More details here: high performance computing
Join the mailing list. If you have problems, ask around within the group first, otherwise contact Matt Harvey in HPC support directly (m.j.harvey@imperial.ac.uk).
Using The Cluster
Before running calculations on the cluster, look at the tutorial:
Using the cluster : tutorial and examples
Below is a summary / reminder.
Connecting
To connect to the PC cluster and forward display information for X-windows, use
ssh -Y ab1234@login.hpc.ic.ac.uk
Use your short IC college account username instead of ab1234
This connects to one of 3 front-end login nodes. All cluster nodes (the rest are for running calculations through a queuing system) share common file systems.
(To compile Gaussian code, need to specify login-0 explicitly when connecting, as this is the node the supported Gaussian compiler is licensed for). Not true in 10/2022
Once connected, using the command id should give something like the following:
[login-0 ~]$ id uid=45751(mjbear) gid=11000(hpc-users) groups=1010(gaussian-users),11000(hpc-users),11100(gaussian-devel),11232(pgi-users)
To access the current development version of Gaussian, you will need to be in the gaussian-devel group (and sign the developer's license agreement).
To access run-time libraries to run Gaussian, you also need to be in the pgi-users groups.
Both should have been set up when your account was created.
Queuing system
Once you have accessed a login node you can now start submitting jobs to the queue. You must not run calculations on the login nodes as they are a shared resource.
Instead, you should ask the login node to find you a suitable compute node to run your job on.
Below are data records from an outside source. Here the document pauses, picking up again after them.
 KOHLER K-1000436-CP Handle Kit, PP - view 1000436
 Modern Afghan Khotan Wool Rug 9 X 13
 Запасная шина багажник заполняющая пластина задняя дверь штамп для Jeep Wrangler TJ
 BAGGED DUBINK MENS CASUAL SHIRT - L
IC uses the PBS queue system. You interact with the queue typically via one of three commands:
qsub job.sh
qsub submits a job file (job.sh in this case) to the queue. job files are slightly modified bash scripts that instruct the compute node what to do
qstat
qstat tells you about the status of your current jobs - whether they are queuing or running. Not that dead jobs do not appear in the listing by default
qdel
Lastly, qdel lets you delete a queued or running job should you change your mind
Job files
A typical job file will look like
#PBS -l ncpus=2 #PBS -l mem=1700mb #PBS -l walltime=00:09:00 #PBS -joe module load gaussian/devel-modules module load gdvh11 gdv < /home/mjbear/test_h11/test009.com > $WORK/test009.log
The lines starting with #PBS are commands to the queuing system. In this case we request 2 cores, 1700mb of RAM and minutes of runtime.
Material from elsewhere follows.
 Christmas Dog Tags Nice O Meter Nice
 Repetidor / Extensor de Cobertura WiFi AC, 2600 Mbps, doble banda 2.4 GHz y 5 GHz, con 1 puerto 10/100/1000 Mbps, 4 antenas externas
Note that if you request more than one node, the ncpus refers to cpu cores/node not total cpu cores
The other commands (not prefixed with #PBS) will be run on the compute node once your job has finished queuing. In general you will want to initialise the code you need (done here using modules) and then run your job (gdv in this case)
Nodes on pqmb
NOTE: At time of writing 10/2022 PQMB nodes are significantly slower than the general throughput. Unless you need to run a job > 72 hours I strongly recommend using general queue.
We have an own queue named "pqmb" on CX1 (see above). Jobs can be directed to pqmb using #PBS -q pqmb
. As of April 2017, there exist three groups of nodes accessible by their microarchitecture variable through PBS:
Group | Nodes | Cores/Node | Memory /Node (GB) | Microarchitecture | Gaussian |
---|---|---|---|---|---|
104 | 2 | 12 | 50 | westmere | G03+G09 |
5 | 8 | 16 | 132 | sandybridge | G03+G09+G16 |
100 | 8 | 24 | 264 | broadwell | G03+G09+G16 |
This table shows the maximum resources available for each node. A single node with 8 cores available in the Broadwell group may be selected using nodes=1:broadwell:ppn=8
. Replacing broadwell
with one of the microarchitecture variables above will allow you to specify which node to run on. Note that Gaussian 16 will not run on the old Westmere nodes.
Example:
#PBS -l nodes=1:broadwell:ppn=8 #PBS -l mem=16000mb #PBS -l walltime=2096:00:00 #PBS -q pqmb
This script will request one node in the Broadwell group with 8 CPUs and 16000MB of RAM. Note that the current maximum walltime on the private queue is 2096 hours.
With the above notation, multiple nodes may be selected in a job. ppn
defines the processors per node to be used.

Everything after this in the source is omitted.